10 September 2010

Dog Bites Man

I think this marks a first for me on this blog. I have never discussed a show before.

Admittedly, there are a lot of shows that I would place higher on my list of favourites than Dog Bites Man. However, as I recently rediscovered this show on Netflix instant streaming, and as the entirety of the series only spans 9 episodes, it seemed like a natural choice for a brief review.

Partly planned, partly improved
Those two words describe this show all to well. For those unfamiliar with this short-lived Comedy Central series, the basic concept behind Dog Bites Man is about the same as Candid Camera or Trigger Happy TV but with a much drier tone and a stronger sense of continuity.
The show does, in fact, have characters, as it follows a local television news team, which is in fact a group of four comedians. Kevin Beekin (Matt Walsh) is the starring reporter; Tillie Sullivan (Andrea Savage) is the team's producer; Marty Shonson (A.D. Miles) is the intern turned production assistant, and Alan Finger (Zach Galifianakis) serves as director. Aside from these four characters, the rest of the show involves "real people who were not made aware they were being filmed as part of a comedy show" (quoted from the pre-show disclaimer).

The show is, perhaps, bizarre in that it blends scripted and entirely unscripted elements. Each episode generally revolves around a specific story that the team is investigating, which is preplanned. Their interactions with one another in private are more of less scripted, though I'm sure some improvisation takes place.

Awkward and uncomfortable
However, while they are out in the field reporting, they are, in fact, baiting reactions from their unwitting victims. I say victims, and yet in actuality, a lot of what they do is far less directly disturbing as what might be done in other "hidden camera" style shows. The focus is not to pull pranks on the general public, but rather to verbally push comfort levels.

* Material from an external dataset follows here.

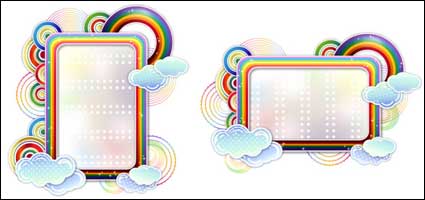 Rainbow nubes frontera vector lindo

Sometimes, this just falls to discussing things in public that most people would consider more intimate or private and then prompting those they are interviewing or otherwise interacting with to respond. These moments can be funny, but are generally less so than some of their more creative ploys.

The show really shines when it mocks news itself. One particularly strong example is the episode "Assignment Brighton, Florida." In this episode, the news team is called out to Brighton, Florida to report on a kidnapping story, but accidentally end up in Colorado. Determined to still get the footage they need, they set about convincing the locals to pretend to be the missing girl's family, the sheriff, and so forth. In one scene, they ask a large group of people to pose as the mourning community. They then ask the crowd to do different reaction shots that can be used depending on how the story unfolds—one if she is found alive, one if she is found dead, one if she is found alive but missing a limb, etc. When the crowd questions this, Tillie explains, saying that all news channels do this sort of thing.

Then, the phone call arrives that the girl has been found alive, the scenario the team had not been betting on, and they are gravely disappointed, much to the crowd's outrage. Maybe that fake phone call was just them fishing for a reaction, but at the same time, you have to think: when the adage "If it bleeds, it leads," rings true, you can't help but think that maybe all news channels do this sort of thing too. Cuz afterall, death sells.

No one was surprised to see it end
Overall, though, it's not surprising that the show was cancelled before it even completed a full season. The premise was interesting, and I like the level of improv. As I'm fairly familiar with the comedic styles of both Matt Walsh and Zach Galifianakis, it's interesting for me to see how they play out and combine during the improvisational scenes.

Ultimately, though, Zach's incredibly awkward comedic style does nothing but amplify the vague awkwardness Matt's full-of-himself-but-actually-unappealing persona. As I said before, the show is awkward and uncomfortable. Painfully so, in fact. And as the news team pushes at the comfort levels of those they interact with, the viewer's boundaries are ultimately pushed as well (although not as far, as we the spectators are made aware that this is comedy).

Much like Zach Galifianakis's stand-up, I think the show demands a certain niche audience. And while that may be viable as a stand-up routine, it just won't cut it when it comes to network television. Network TV doesn't do niche. Not long-term, anyway.

Still, I have to wonder. How many episodes of Dog Bites Man could you get a fan of The Hangover to sit through before they decide it's just too weird? I mean, not to be like that, I was a fan of Zach way back when most people didn't even recognize his name, and most people reacted with, "Oh, yeah. That guy is really strange." How he ever became popular is beyond me, but more power to him.